A visit to the Svalbard Islands, an archipelago halfway between Norway and the North Pole, is as close to the movie 'Frozen' as it gets. A vast expanse of untouched wilderness, the islands offer dog-sledding and spontaneous encounters with polar bears in a dazzling Arctic setting.

Nearly every picture of Pangong Tso -- which is Tibetan for 'long, narrow, enchanted lake' -- makes the basin look like a piece of glass, reflecting the barren mountains behind it. It disects the Tibet-India border, and its clear waters allow visitors to see straight to the bottom.

The largest city in Tasmania, Hobart combines the lively arts and nightlife scenes that nearby Australia has to offer, with the relaxed charm of an old port city. Historic houses, hotels, and cafés line the docks of the harbour, making for picturesque boardwalk scenes.

Victoria Falls, known as 'The Smoke that Thunders,' purges more than 500 cubic meters of water per minute into the gorge below. The waterfall forms the border between Zambia and Zimbabwe, and columns of spray can be seen from miles in either direction. Bungee jumping, zip-lining, white water rafting, and helicopter flights are available on site.

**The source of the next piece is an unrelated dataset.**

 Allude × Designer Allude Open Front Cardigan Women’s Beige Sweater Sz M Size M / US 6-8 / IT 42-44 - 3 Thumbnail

Nestled in the geographical heel of Italy, the picturesque village of Alberobello is home to mouthwatering peasant cuisine, the 'kindest people in all of Italy,' and white-washed limestone dwellings famous around the world for their cone-shaped roofs.

Roman roads, stony footpaths, and mule trails make up the 540-kilometer Lycian Way that winds through Turkey's southern coastal region. A must-see pit-stop along the 29-day trail is the Chimaera, a mass of rock that burns an eternal flame, with no apparent fuel to sustain it.

In the mysterious 'crooked forest' of Western Poland, roughly 400 pine trees all grow with a 90-degree bend at the base. The reason behind the curved trees remains unknown to this day.

The Jiuzhaigou Valley, a remote region of northern Sichuan, China, stretches over 180,000 acres. It's best known for its Tibetan villages and multi-level waterfalls with colourful lakes that let you see perfectly to the bottom.

Gorgeous flowers bloom year-round in Hitachi Seaside Park, a 470-acre reserve in Ibaraki, Japan, known for its burning bush plants and daffodils.

Every spring, Namaqualand, an arid region of Namibia and South Africa that stretches over some 600 miles, suddenly fills with orange and white daisies. The result is one of the most surreal landscapes in the world.

The world's most dangerous pathway just reopened to the public after 15 years thanks to a $5.8 million restoration. Caminito del Rey is a roughly five-mile walkway that clings to the walls of the El Chorro gorge in southern Spain. It closed in 2000 after a number of people fell to their deaths.

Tianzi Mountain Nature Reserve in Wulingyuan, China, contains 'stone towers,' surrounded by thick clouds, that appear straight out of 'Avatar.' It is one of the country's most scenic spots, and is almost never overrun with tourists.

The resort town of Huacachina is a literal oasis in the Peruvian desert. Built around a small, natural lake in the Southwestern Ica Region, Huacachina is popular for tourists who want to try 'sandboarding' on the massive dunes surrounding the lake.

Nestled in Colombia's hilly countryside, Las Lajas Sanctuary was built between 1916 and 1944 to commemorate the Virgin Mary, whose image was reportedly sighted on an enormous rock face above the river. Visitors place plaques on the cliffs that surround the neo-Gothic cathedral, as thanks for the miracles that have occurred there.

From the sky, Rangiroa appears like a string of pearls laid upon the South Pacific Ocean. Two-hundred and forty little islets, each no more than three feet in elevation, make up the world's second largest atoll, or a ring-shaped coral reef. This patch of French Polynesia offers exceptional scuba diving.

Forget the Serengeti: Tanzania's Selous Game Reserve offers fewer crowds and more intimate encounters with the elephant, buffalo, hippo, crocodile, and lion populations that inhabit it. Nearly twice the size of Denmark, Selous is also largely unexplored, with only 2% of the park open to tourists.